- **The problem**: You are asked to copy the entire listing exactly, apart from its pictures.

:::::

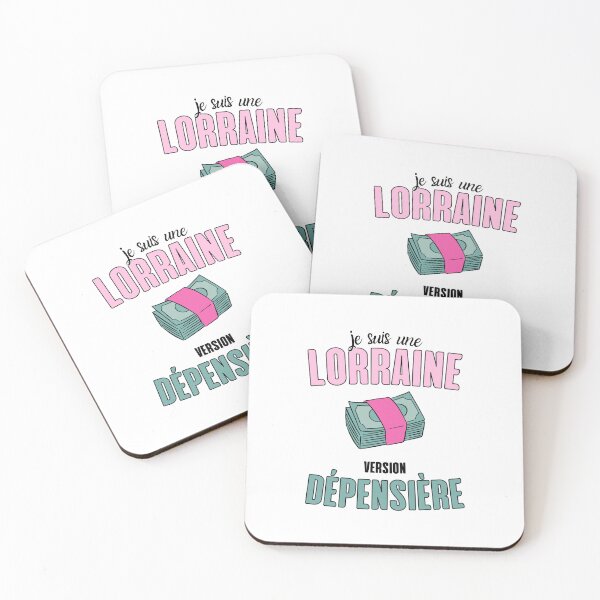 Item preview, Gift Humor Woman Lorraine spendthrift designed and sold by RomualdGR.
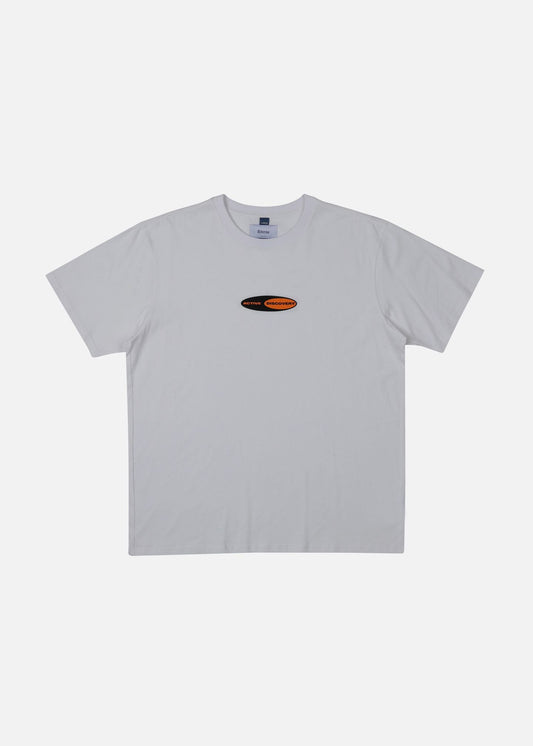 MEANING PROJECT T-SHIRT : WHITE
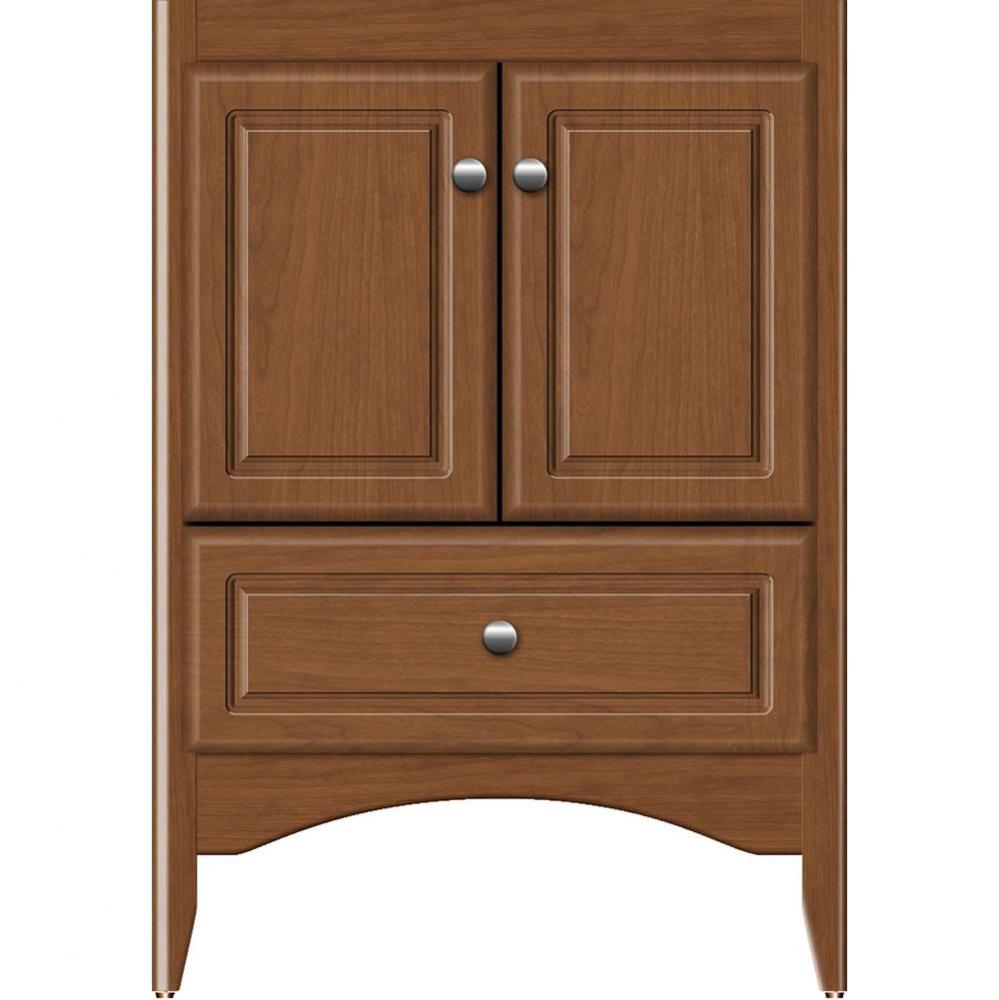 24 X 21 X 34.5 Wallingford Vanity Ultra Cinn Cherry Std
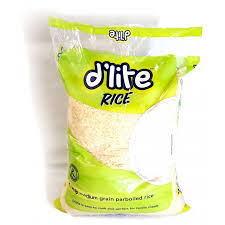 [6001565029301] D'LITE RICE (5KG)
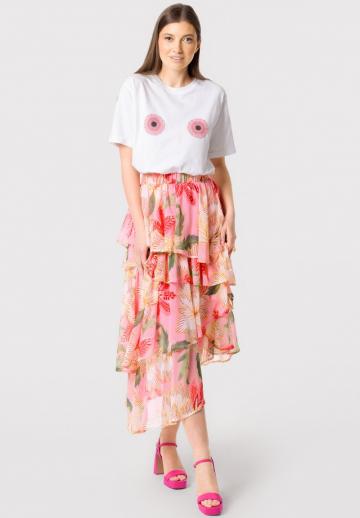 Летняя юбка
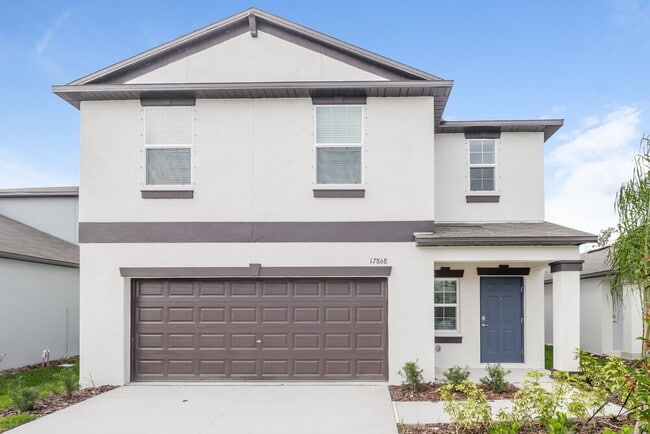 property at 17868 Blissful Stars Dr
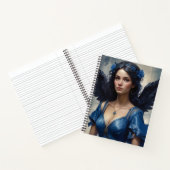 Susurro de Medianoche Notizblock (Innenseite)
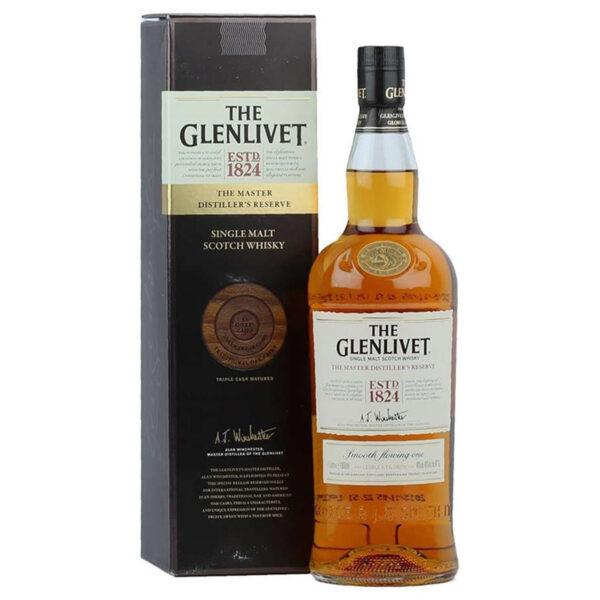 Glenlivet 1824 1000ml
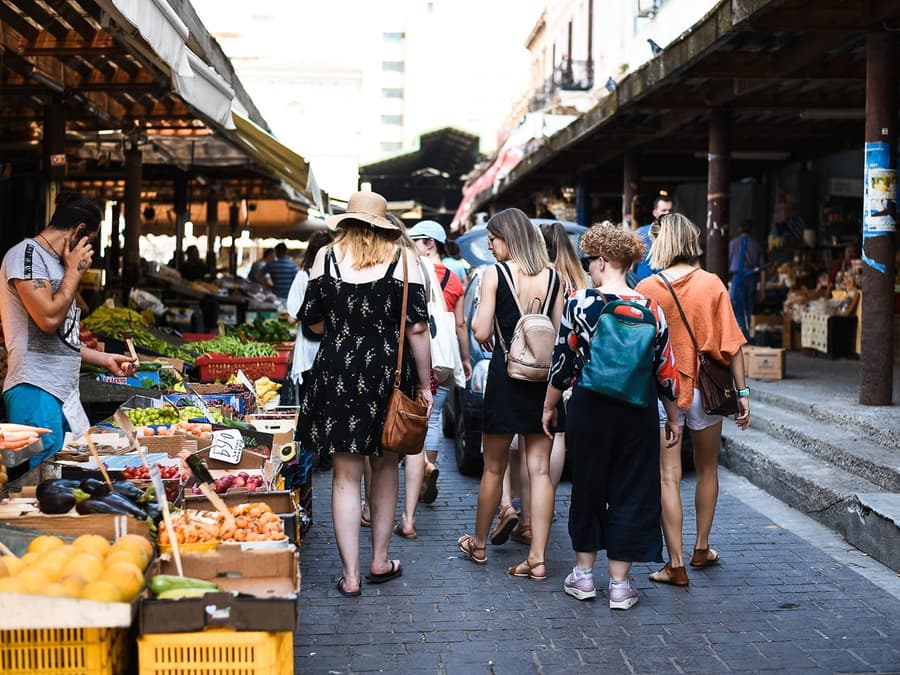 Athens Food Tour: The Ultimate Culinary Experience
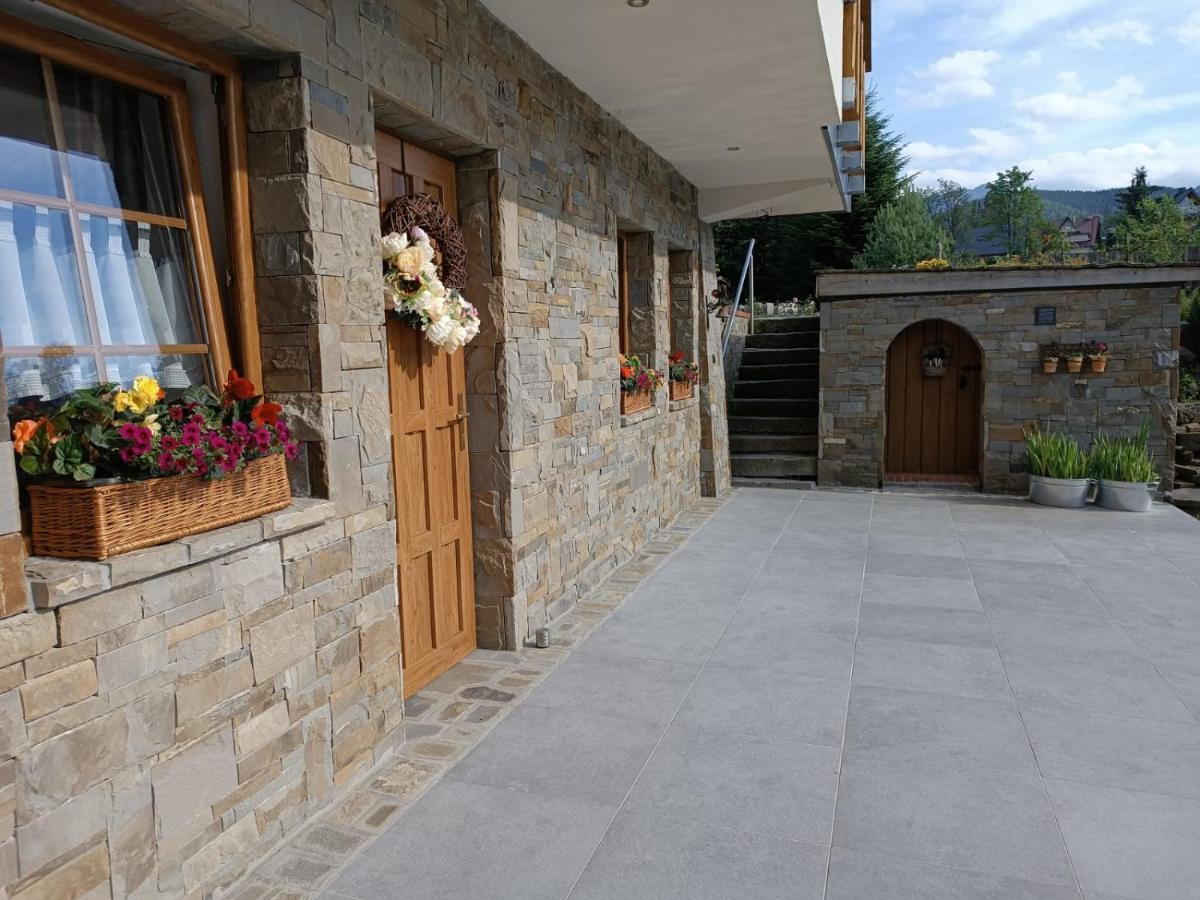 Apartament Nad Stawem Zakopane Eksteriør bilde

:::::

- **Exercise response**:
 Item preview, Gift Humor Woman Lorraine spendthrift designed and sold by RomualdGR.
 MEANING PROJECT T-SHIRT : WHITE
 24 X 21 X 34.5 Wallingford Vanity Ultra Cinn Cherry Std
 [6001565029301] D'LITE RICE (5KG)
 Летняя юбка
 property at 17868 Blissful Stars Dr
 Susurro de Medianoche Notizblock (Innenseite)
 Glenlivet 1824 1000ml
 Athens Food Tour: The Ultimate Culinary Experience
 Apartament Nad Stawem Zakopane Eksteriør bilde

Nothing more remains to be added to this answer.